Ohnehin erweisen sich Geigers Bilder im Vergleich zu anderer Monochrom- und Farbfeldmalerei als relativ offen für Interpretationen. Auch wenn der anonyme Farbauftrag, die künstlichen Tagesleuchtfarben und knallig-künstliche Töne wie Pink die Gegenstandslosigkeit betonen, lassen sie doch politische Anspielungen und Verweise auf Naturerfahrungen von Abend- und Morgenrot zu. Etwa auf die farbigen Erscheinungen der Atmosphäre, das farbige Licht über den Dingen, das Geiger als Kriegsmaler in der Sowjetunion und in Griechenland erlebte und das er als „geistige Materie“ auffasste. Selbst eine Anekdote, die er öfter erzählte, ist bezeichnend für seinen Umgang mit Farbe: Wie er kurz nach dem Krieg im zerbombten München ein „Ami-Mädchen in einem grellroten Pullover“ in einen Jeep einsteigen sah und ihn diese Farbe so tief berührte, dass er zu Hause den für seine Frau gedachten Lippenstift aus dem amerikanischen Care-Paket nahm und mit dieser synthetischen, hell leuchtenden Farbe zu malen begann. 1989 gab er einer Rauminstallation im Münchner Lenbachhaus sogar einen politischen Titel: „Neues Rot für Gorbatschow“. Ein querrechteckiges Format in fluoreszentem Pink vor einer Wand in gedämpftem Rot dient hier als Signal, als Zeichen für den neuen Geist der Perestroika. Geiger verwendet nur wenige elementare Formen, die nicht von der Farbe ablenken sollen oder, wie er sagt, einer bestimmten Farbe angemessen sind: das Quadrat und das quergelagerte Rechteck, die abgeflachte Kreisform und das Queroval, zum Teil mit einer gesprühten Aureole – und auch die verweisen etwa auf die Sonne mit ihrer expansiven Kraft.

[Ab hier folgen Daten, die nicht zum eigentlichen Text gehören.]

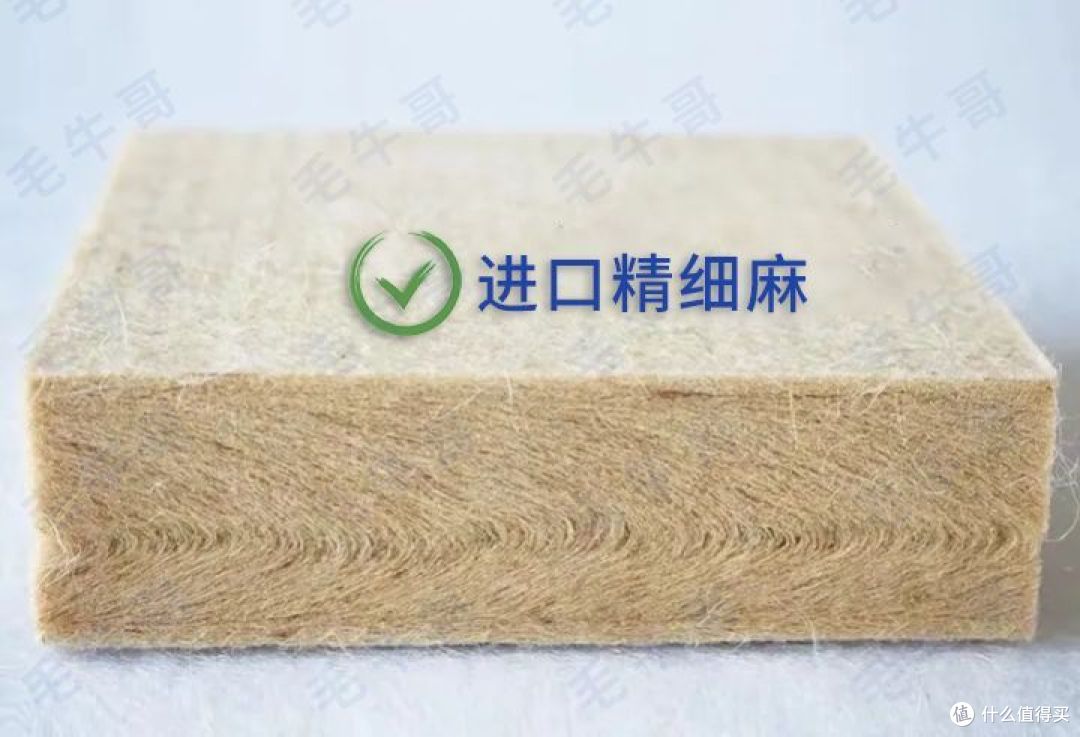 孟加拉进口精细麻实拍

Rupprecht Geiger, als Maler Autodidakt, ist Zeit seines Lebens ein Einzelgänger innerhalb der Kunstszene gewesen. Er bevorzugte den anonymen Farbauftrag und die Monochromie, als die subjektiven Gesten des Informel der Stil der Zeit waren. Und er ist bis heute bei seiner Farbmalerei geblieben. Vielleicht taucht er deshalb in vielen Überblickwerken der Kunstgeschichte gar nicht auf. Dabei sind seine grell aufscheinenden Tagesleuchtfarben und seine farbdurchfluteten Raumkonzepte heute für eine neue Künstlergeneration wieder interessant. Auch wenn es wohl keine direkten Bezugspunkte gibt, fallen die Tagesleuchtfarben in aktuellen Arbeiten von Anselm Reyle und Peter Halley auf. Und Olafur Eliassons „Weather Project“, die Installation einer künstlichen Sonne in der Londoner Tate Modern, kann man durchaus als einen ins Unermessliche gesteigerten Gedanken Geigers verstehen.